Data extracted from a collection
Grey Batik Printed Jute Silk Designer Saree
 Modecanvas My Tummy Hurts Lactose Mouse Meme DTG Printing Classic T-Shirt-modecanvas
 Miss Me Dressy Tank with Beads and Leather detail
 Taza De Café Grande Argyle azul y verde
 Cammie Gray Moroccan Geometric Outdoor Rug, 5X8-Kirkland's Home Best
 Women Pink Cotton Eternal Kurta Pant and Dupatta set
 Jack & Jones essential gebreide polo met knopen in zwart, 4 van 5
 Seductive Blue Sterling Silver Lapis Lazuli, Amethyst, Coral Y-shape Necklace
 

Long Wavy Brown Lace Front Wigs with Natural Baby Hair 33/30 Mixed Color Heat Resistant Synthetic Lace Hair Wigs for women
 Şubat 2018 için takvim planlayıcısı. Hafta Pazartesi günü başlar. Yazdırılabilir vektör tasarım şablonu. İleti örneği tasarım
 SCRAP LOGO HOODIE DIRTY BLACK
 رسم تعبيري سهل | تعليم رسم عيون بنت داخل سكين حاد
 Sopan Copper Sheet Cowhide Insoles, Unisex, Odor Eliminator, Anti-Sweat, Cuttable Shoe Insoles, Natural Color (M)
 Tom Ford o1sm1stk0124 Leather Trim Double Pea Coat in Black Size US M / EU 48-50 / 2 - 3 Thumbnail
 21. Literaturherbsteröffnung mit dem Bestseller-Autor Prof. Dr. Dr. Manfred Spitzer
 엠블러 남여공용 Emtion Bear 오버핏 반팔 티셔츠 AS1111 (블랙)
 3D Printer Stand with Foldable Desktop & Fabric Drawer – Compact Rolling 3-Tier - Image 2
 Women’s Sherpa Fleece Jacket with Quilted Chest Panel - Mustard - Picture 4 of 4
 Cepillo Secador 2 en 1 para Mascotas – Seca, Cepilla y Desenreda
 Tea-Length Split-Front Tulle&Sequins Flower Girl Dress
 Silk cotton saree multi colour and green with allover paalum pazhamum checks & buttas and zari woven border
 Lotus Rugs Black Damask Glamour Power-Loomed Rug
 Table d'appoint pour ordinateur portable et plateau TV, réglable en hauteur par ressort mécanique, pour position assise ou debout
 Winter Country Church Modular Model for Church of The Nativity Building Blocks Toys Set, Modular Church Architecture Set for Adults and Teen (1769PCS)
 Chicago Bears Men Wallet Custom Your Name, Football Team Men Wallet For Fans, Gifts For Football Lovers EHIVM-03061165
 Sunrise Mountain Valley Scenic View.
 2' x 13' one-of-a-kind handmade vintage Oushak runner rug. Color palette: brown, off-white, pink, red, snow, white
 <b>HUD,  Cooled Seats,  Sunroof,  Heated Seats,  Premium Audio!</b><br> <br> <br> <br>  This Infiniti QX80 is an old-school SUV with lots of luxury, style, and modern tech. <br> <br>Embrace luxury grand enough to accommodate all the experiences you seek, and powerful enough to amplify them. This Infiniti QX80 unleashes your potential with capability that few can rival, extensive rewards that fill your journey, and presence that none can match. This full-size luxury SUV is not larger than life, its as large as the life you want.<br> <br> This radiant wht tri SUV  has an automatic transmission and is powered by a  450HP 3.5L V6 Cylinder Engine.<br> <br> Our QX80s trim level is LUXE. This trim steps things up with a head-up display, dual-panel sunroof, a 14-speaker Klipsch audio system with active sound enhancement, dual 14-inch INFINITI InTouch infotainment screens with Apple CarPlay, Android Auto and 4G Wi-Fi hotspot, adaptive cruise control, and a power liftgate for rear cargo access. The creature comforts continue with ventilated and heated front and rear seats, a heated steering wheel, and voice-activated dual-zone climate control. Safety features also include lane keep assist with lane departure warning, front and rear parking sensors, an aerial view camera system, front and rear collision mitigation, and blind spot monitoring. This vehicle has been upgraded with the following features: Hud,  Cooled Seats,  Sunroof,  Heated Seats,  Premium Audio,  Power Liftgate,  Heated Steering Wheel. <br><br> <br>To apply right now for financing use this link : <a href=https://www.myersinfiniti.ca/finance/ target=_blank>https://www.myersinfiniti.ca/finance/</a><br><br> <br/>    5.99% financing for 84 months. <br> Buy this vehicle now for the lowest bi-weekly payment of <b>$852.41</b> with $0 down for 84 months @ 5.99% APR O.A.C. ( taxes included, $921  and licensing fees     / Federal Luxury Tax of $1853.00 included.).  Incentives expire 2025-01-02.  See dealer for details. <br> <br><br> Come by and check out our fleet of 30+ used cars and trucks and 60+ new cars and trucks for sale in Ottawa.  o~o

§ **EXERCISE AIM**
Scan the data above for the word "Silk" and report every line where it is found.

§ **RESPONSE TO THE TASK**
Grey Batik Printed Jute Silk Designer Saree
 Silk cotton saree multi colour and green with allover paalum pazhamum checks & buttas and zari woven border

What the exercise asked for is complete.